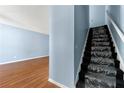 Bright entryway featuring wood floors and staircase with carpet at 2465 Brianna Dr, Hampton, GA 30228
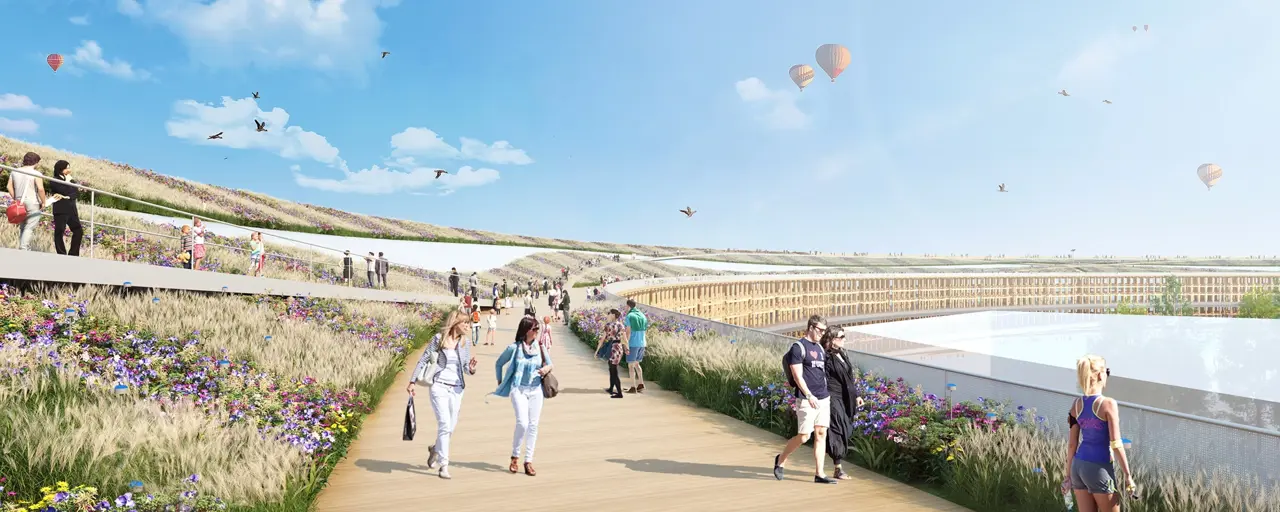 Rendered image of promenade with people walking and exercising and hot air balloons in the distance
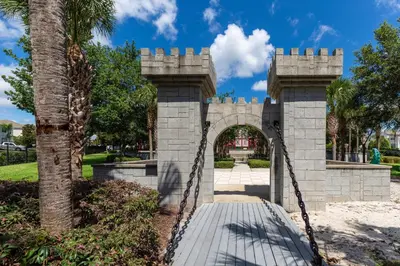 a bridge in a park with a palm tree at Windsor Hills Resort 3 Bedroom Condo 5 Minutes to Disney in Orlando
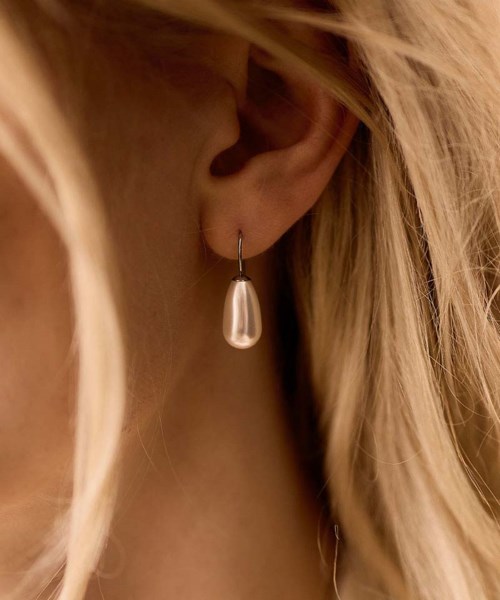 A woman wears a silver teardrop earring on her ear with blonde hair partially covering her face.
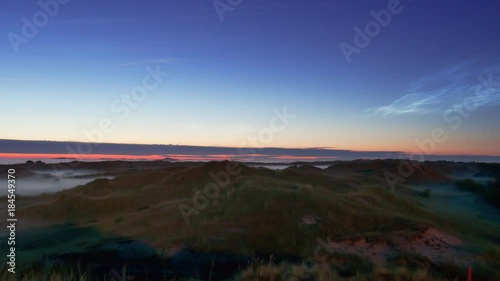 noctilucent clouds NLC with early morning fog over landscape island North Sea in summer twilight timelapse photo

- _Activity_:
The entire listing above, minus its pictures, should be copied out exactly.

- _Solution_:
 Bright entryway featuring wood floors and staircase with carpet at 2465 Brianna Dr, Hampton, GA 30228
 Rendered image of promenade with people walking and exercising and hot air balloons in the distance
 a bridge in a park with a palm tree at Windsor Hills Resort 3 Bedroom Condo 5 Minutes to Disney in Orlando
 A woman wears a silver teardrop earring on her ear with blonde hair partially covering her face.
 noctilucent clouds NLC with early morning fog over landscape island North Sea in summer twilight timelapse photo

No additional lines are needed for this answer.